Part-2: Install Hive

In this part we will discuss how to install HIVE on HDP platform. I assume that you have followed instructions from Part-1 on how to install HDP on single node cluster.

Get latest version of “hive-*-bin.tar.gz” file link from below official Hive site,
https://hive.apache.org/downloads.html

Go to Downloads directory and download latest tar.gz file.

cd ~/Downloads
wget http://apache.claz.org/hive/hive-2.3.0/apache-hive-2.3.0-bin.tar.gz

extract tar file,

tar -zxvf apache-hive-2.3.0-bin.tar.gz

Create directory for hive and move extracted folder there.

mkdir /usr/lib/hive
mv apache-hive-2.3.0-bin /usr/lib/hive

Set hive home path in .bashrc file

vi ~/.bashrc

add below lines at the end

# Set HIVE_HOME
export HIVE_HOME="/usr/lib/hive/apache-hive-2.3.0-bin"
PATH=$PATH:$HIVE_HOME/bin
export PATH

Reload environment variables,

source ~/.bashrc

Edit hive configuration file,

vi /usr/lib/hive/apache-hive-2.3.0-bin/bin/hive-config.sh

Go to line where following lines exist

# Allow alternate conf dir location.HIVE_CONF_DIR="${HIVE_CONF_DIR:-$HIVE_HOME/conf"export HIVE_CONF_DIR=$HIVE_CONF_DIRexport HIVE_AUX_JARS_PATH=$HIVE_AUX_JARS_PATH

Below above lines, add following line which is home path for hadoop.

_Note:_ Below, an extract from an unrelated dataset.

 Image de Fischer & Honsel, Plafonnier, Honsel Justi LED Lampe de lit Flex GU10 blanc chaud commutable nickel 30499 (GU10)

# Write directory path where hadoop file is there
export HADOOP_HOME=/usr/local/hadoop

Create Hive database directory on HDFS,

hadoop fs -mkdir /usr/
hadoop fs -mkdir /usr/hive
hadoop fs -mkdir /usr/hive/warehouse
hadoop fs -mkdir /tmp

Set READ/WRITE permission for warehouse and temporary directory

hadoop fs -chmod g+w /usr/hive/warehouse
hadoop fs -chmod g+w /tmp

Edit Hive environment variables

cd /usr/lib/hive/apache-hive-2.3.0-bin/conf
cp hive-env.sh.template hive-env.sh
vi /usr/lib/hive/apache-hive-2.3.0-bin/conf/hive-env.sh

add below lines at the end of hive-env.sh file,

export HADOOP_HOME=/usr/local/hadoop
export HADOOP_HEAPSIZE=512
export HIVE_CONF_DIR=/usr/lib/hive/apache-hive-2.3.0-bin/conf
export JAVA_HOME=/usr/local/java/jdk1.8.0_144
export YARN_HOME=$HADOOP_YARN_HOME

Set hive-env as executable

chmod +x hive-env.sh

To enable logging when starting hive, you can rename below log4j template files. This step is optional but can be useful when you receive errors from Hive for additional debugging information.

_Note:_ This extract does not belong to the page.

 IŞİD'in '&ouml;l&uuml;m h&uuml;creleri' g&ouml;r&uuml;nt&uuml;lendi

mv  hive-exec-log4j.properties.template  hive-exec-log4j.properties
mv hive-log4j.properties.template hive-log4j.properties

Add/update below classpath property in mapred-site.xml file. This line may already be correct in mapred-site.xml, but what I found in my case is for some reason, default paths with environment variables did not work and they were throwing errors while running Hive queries. So I had to set add absolute paths without using environment variables which you can see at the end of property value starting with /usr/local/hadoop…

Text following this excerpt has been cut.